In his latest opinion piece, CEO of Coastline Housing Allister Young talks about why sometimes having the confidence to make the unpopular choices can actually reap rewards.
Often, we have to make choices between two things, when we’d rather have both. Like having your cake, and eating it. Having to make choices is something the Prime Minister talked about in a speech at the Labour Party conference, when as well as setting out some other times when choices need to be made said “If we want home ownership to be a credible aspiration for our children, then every community has a duty to contribute to that purpose.”
Generally, Coastline does a good job of keeping people satisfied. We know what from our customer satisfaction surveys, which shows that our 83.3% satisfaction rate is improving, and in the top quarter of housing associations nationally.
But there are some things we do which aren’t popular with everyone. One of the those things is our strategy of selling some of our older properties when they become empty after a customer moves out.
So why do we do it if people don’t like it?

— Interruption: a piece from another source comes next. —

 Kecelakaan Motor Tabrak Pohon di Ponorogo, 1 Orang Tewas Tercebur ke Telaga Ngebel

It’s not because we have to. Or because anyone is making us. Or because we have some sort of target that we set where we have to sell a certain number of homes, or to raise a certain amount of £money. It’s simply because it doesn’t always make sense to keep every single home that Coastline and its predecessors* have built. Some of Coastline’s predecessors were probably excellent. Some were less so. Some of the homes that those predecessors built were, and still are, excellent and fit for the future. Some less so.

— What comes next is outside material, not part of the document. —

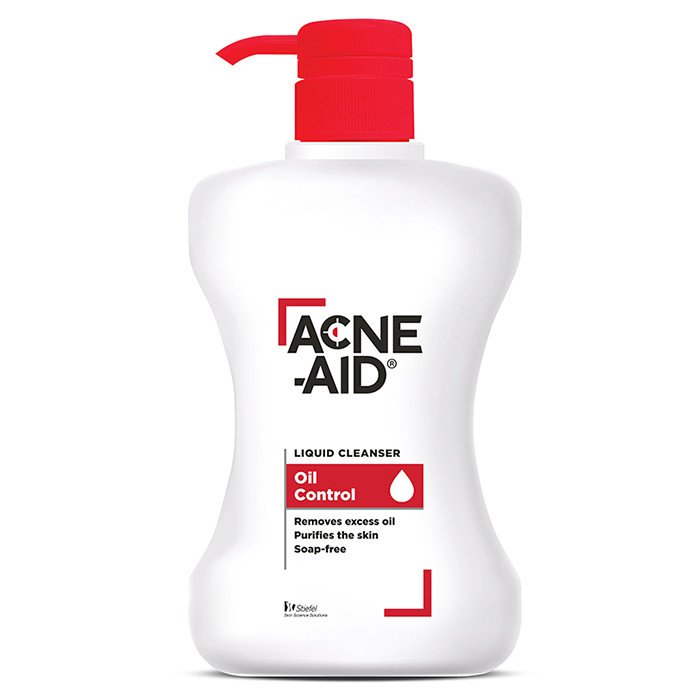 Acne Aid Liquid Cleanser Oil Control 500ml - Asian Beauty Supply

(*Quick bit of history for those that are interested. Prior to becoming ‘Coastline Housing’ in 2006, we’ve had a lot of predecessors. Roughly in order: Kerrier Homes Trust, Kerrier District Council, the urban district of Camborne-Redruth, Kerrier Rural District, the separate urban districts of Camborne and Redruth, Redruth Rural District, Helston Rural District, East Kerrier Rural District, Falmouth Municipal Borough, Penryn Municipal Borough, Truro Rural District, and probably quite a few more… )
When we look at all of the 5,000 plus homes that we provide, there are a relatively small number of homes (less than 10% of our overall total) that we don’t think are ones we want to keep in the long term. It could be because of the material the home was built from (they didn’t always build things better in the old days…), if it’s on a flood plain, or if it is too expensive for us to get to a modern energy efficiency standard. While the customer lives in that home, we’ll continue to invest in it and make it as high quality as we can. But when the customer moves out, we’ll take the opportunity to sell it. We also sometimes sell homes that become empty, if we find that the cost of getting it ready for the next customer is excessive.
If that’s all we did, then that would probably be a bad thing. We’d just be selling valuable social homes, so there would be fewer and fewer social homes available, when there already aren’t enough (only 12% of homes in Cornwall are social homes, compared to about 19% nationally).
But that’s not all we do. We take every single £ that comes from those homes that we sell, and we invest it in building new homes. Over the last ten years, we’ve sold 394 of our older homes, but we’ve built 1,803 new homes. As well as providing opportunities for people to buy homes from us, that means we’ve created hundreds of new homes for people and families to live in. It also means that we’ve invested hundreds of millions of £s in building new homes, supporting local companies and creating and sustaining hundreds of local jobs.
So, it might not always be popular, but we’re pretty clear that overall it’s the right thing to do, both for us, and for Cornwall.